- PROBLEM TO WORK ON: Write out each entry below exactly. Do not include the images.

- DATA TO USE:

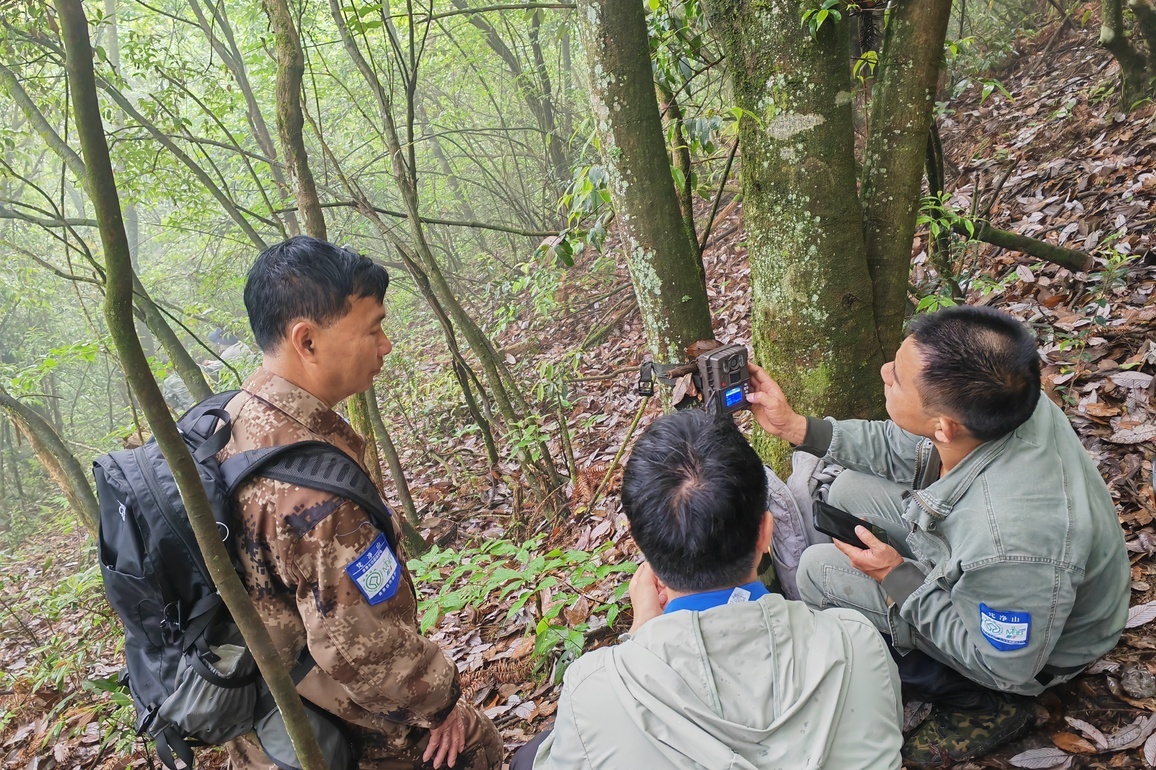 CHINA-GUIZHOU SNUB-NOSED MONKEY-MONT FANJINGSHAN-PROTECTION (CN)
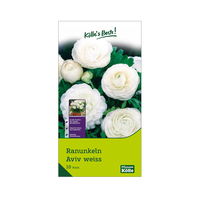 Ranunkel Aviv (Hahnenfuß) weiß, 10 Blumenzwiebeln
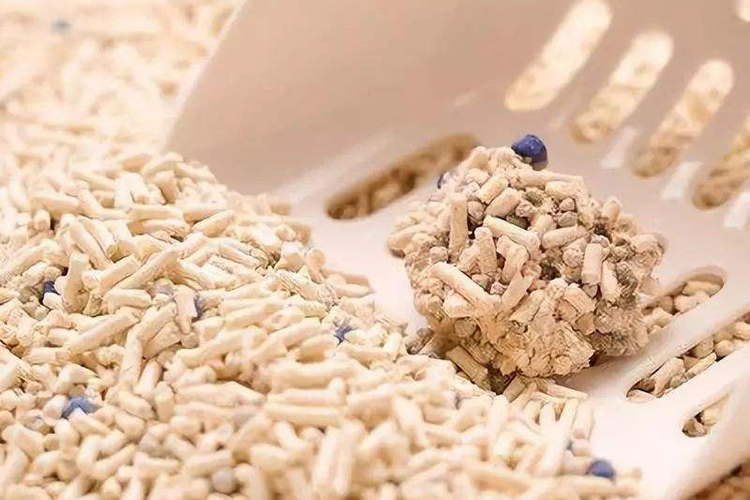 猫咪为什么不爱喝盆里的水,猫咪为啥不爱吃冻干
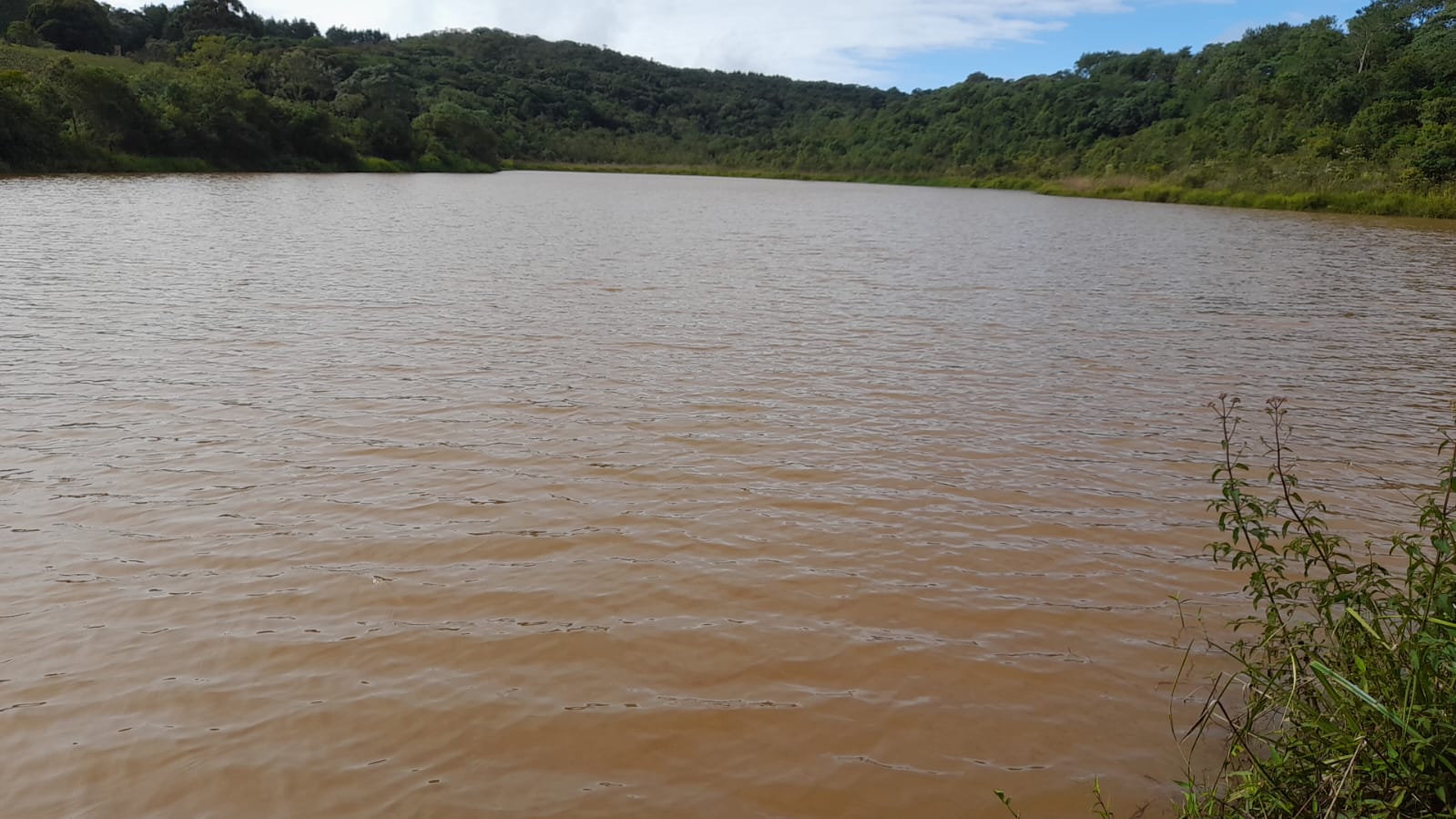Linda fazenda com água ,luz topografia boa, vista panorâmica | Camanducaia - MG | código 899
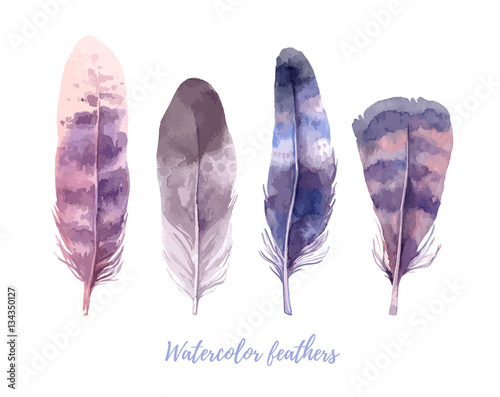 Hand drawn vector illustration - Watercolor feathers collection. Aquarelle boho set. Isolated on white background. Perfect for invitations, greeting cards, posters, prints © Kate Macate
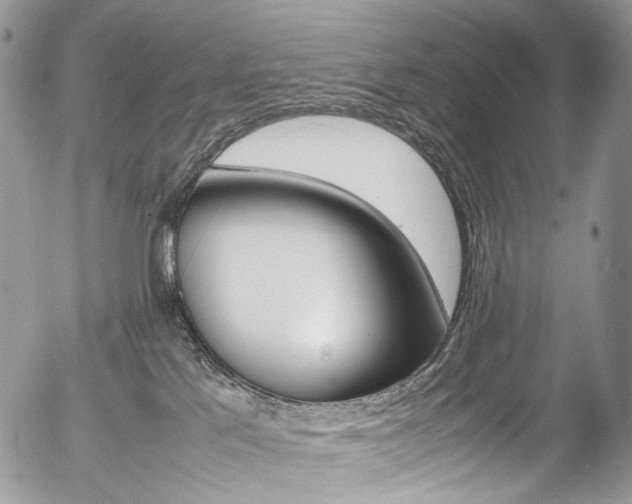 X0000054450041200507291002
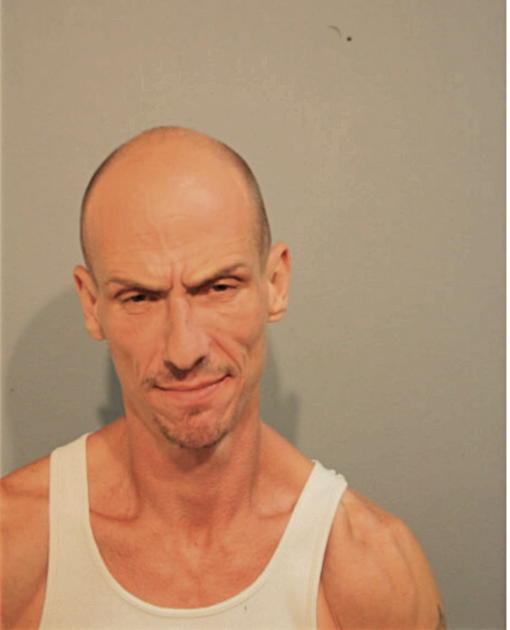 STEVEN J BRUNS, Cook County, Illinois
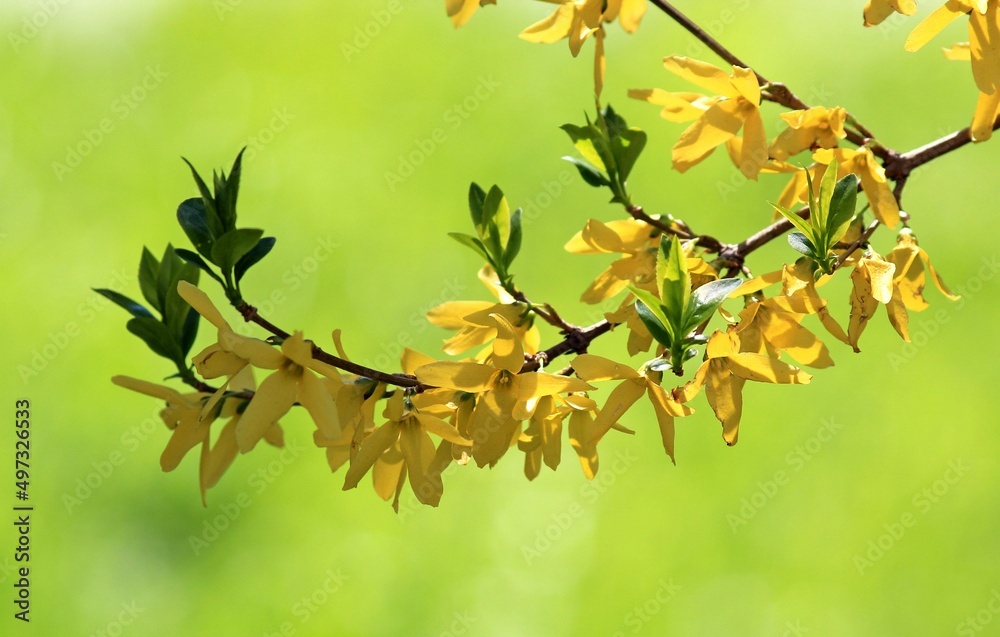 Yellow forsythia flowers on a branch in spring
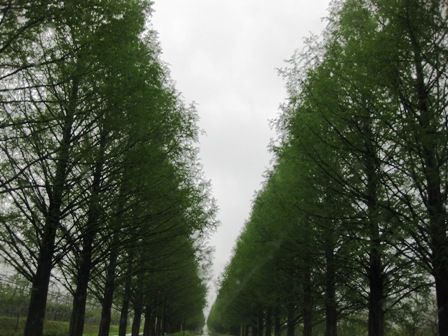 重たい雨でしたね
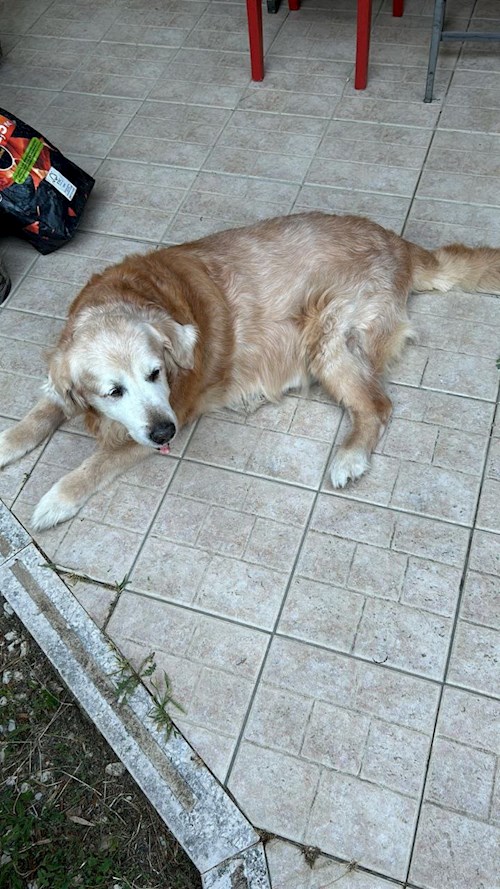 Olesia- petsitter Prague nebo Páníček pro psi kočky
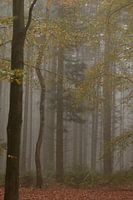 Misty morning in the forest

- ANSWER TO THE PROBLEM:
 CHINA-GUIZHOU SNUB-NOSED MONKEY-MONT FANJINGSHAN-PROTECTION (CN)
 Ranunkel Aviv (Hahnenfuß) weiß, 10 Blumenzwiebeln
 猫咪为什么不爱喝盆里的水,猫咪为啥不爱吃冻干
Linda fazenda com água ,luz topografia boa, vista panorâmica | Camanducaia - MG | código 899
 Hand drawn vector illustration - Watercolor feathers collection. Aquarelle boho set. Isolated on white background. Perfect for invitations, greeting cards, posters, prints © Kate Macate
 X0000054450041200507291002
 STEVEN J BRUNS, Cook County, Illinois
 Yellow forsythia flowers on a branch in spring
 重たい雨でしたね
 Olesia- petsitter Prague nebo Páníček pro psi kočky
 Misty morning in the forest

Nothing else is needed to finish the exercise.